The last thing on the website, it’s got to be on every page of my website so I know Google’s reading it and know I’m showing up in that digital phonebook when people go to look for my service. Let’s talk about the resource of the day: Moz.
William: Moz is a great resource for small and medium sized businesses. Typically, if you’re a large business you’re going to skip to Yext, but Moz has so much information, they have so much free literature, info over the ranking factors, over how you get ranked, over what things are considered good and what are considered risky or just blatantly abuses.
For example, people used to cloak sites, and have one site look like one site, but a site looking like a completely different site shows up when you click on it. Some people would have text the same color of the background of the website, so they have all this text loaded in the websites, but only the bots could see it. It was just these stupid tricks that SEOs were abusing. Another thing, they’re just creating pages, and I see SEOs that do this daily, creating pages of nonsense content stuffed with keywords.
They’re bad techniques, and Moz will tell you what’s good, what’s in, an what’s changed. With Hummingbird, with Penguin, with Panda, and all the updates that are coming through. Plus, they’ve got a hundred-dollar service where you can look up your business, see how it looks and some of the aggregates, which are some of the large directory holders. The directories kind of feed from these aggregators, and so you can spend a hundred dollars and they’re going to start throwing your information out to some of the directories. Not a lot of them, but…

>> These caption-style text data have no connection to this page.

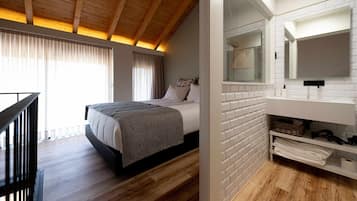 1 habitación, escritorio, tabla de planchar con plancha y cuna de viaje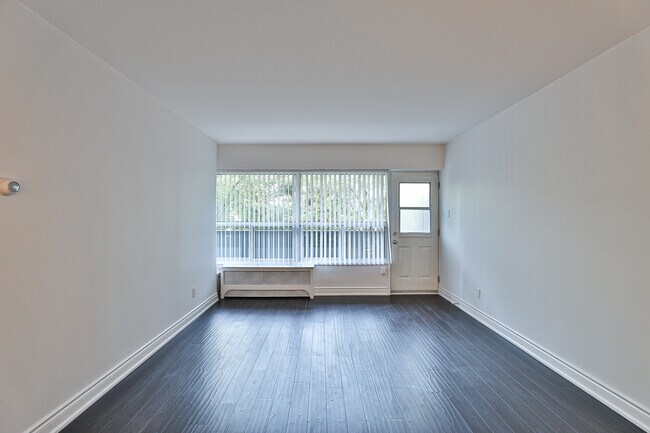 Building Photo - 494 Avenue Rd Unit 1 Bed - Open Concept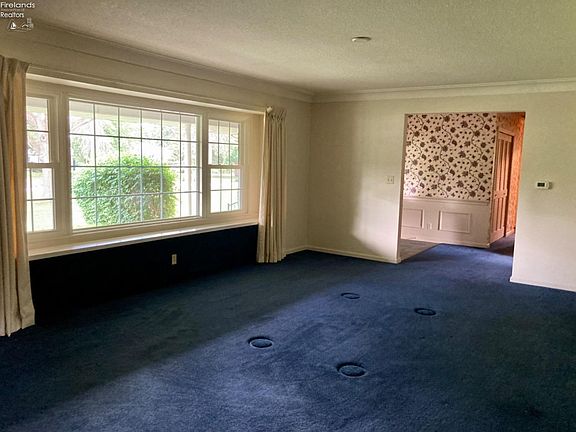 5th image of 3058 Stuart Dr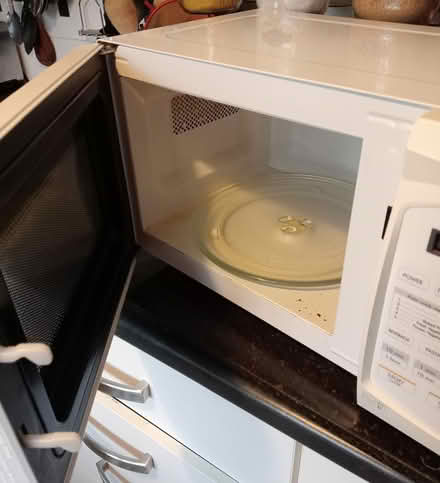 Photo of free Microwave (Caernarfon LL55) #3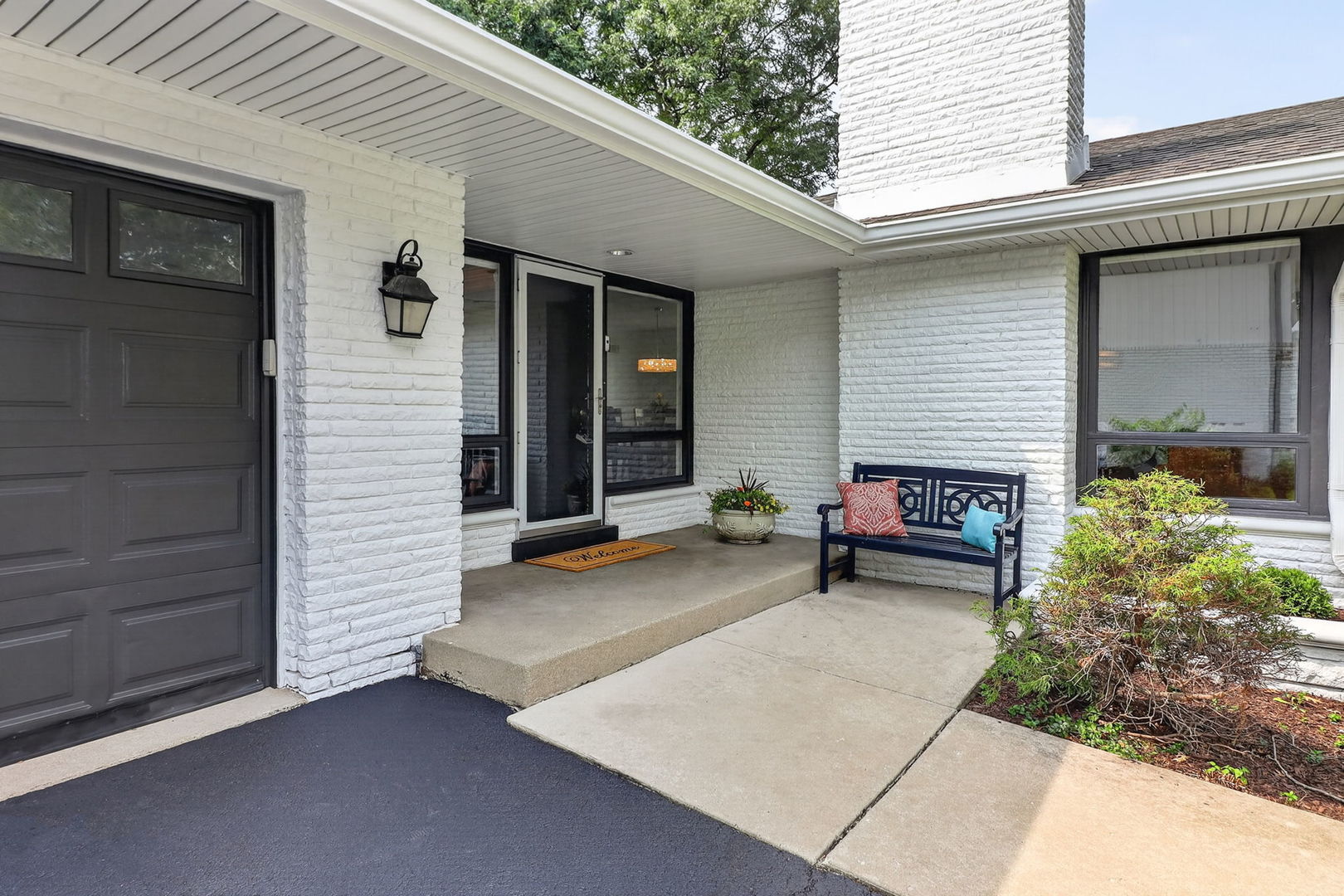 282 Stonegate Road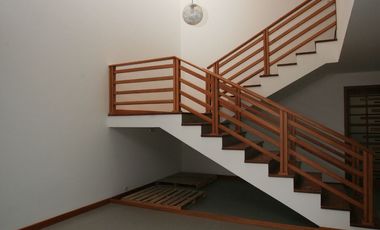 SE VENDE HERMOSA CASA EN LA VIÑA: DISEÑO EXCLUSIVO Y ACABADOS DE ALTA GAMA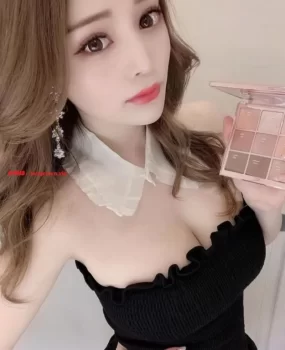 武汉极品少妇黑丝诱惑天生淫荡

Dave: These directories feed into Google, this is how my business shows up in search results?
William: Google kind of acts like an aggregator because it’s so large and powerful. It’s not a true aggregator per se, but it acts like one. Things come to the Google Business page for information so it acts like an aggregator.
Dave: So, a hundred bucks a year.
William: Annual ninety-nine a year. It’s the Moz Local, it’s the smallest package they have. If you’re small, that’s what you’re going to want. And you’re going to want a “per-location.” You have to have a unique NAP per location. You can’t just use one phone line for three businesses for three locations.
Dave: And we’ve seen that plenty of times.
William: Oh, man it screws everything up.
Dave: You can’t, even if you have one phone, you have to have a different phone number for different locations, or it’s going to mess you up online for sure.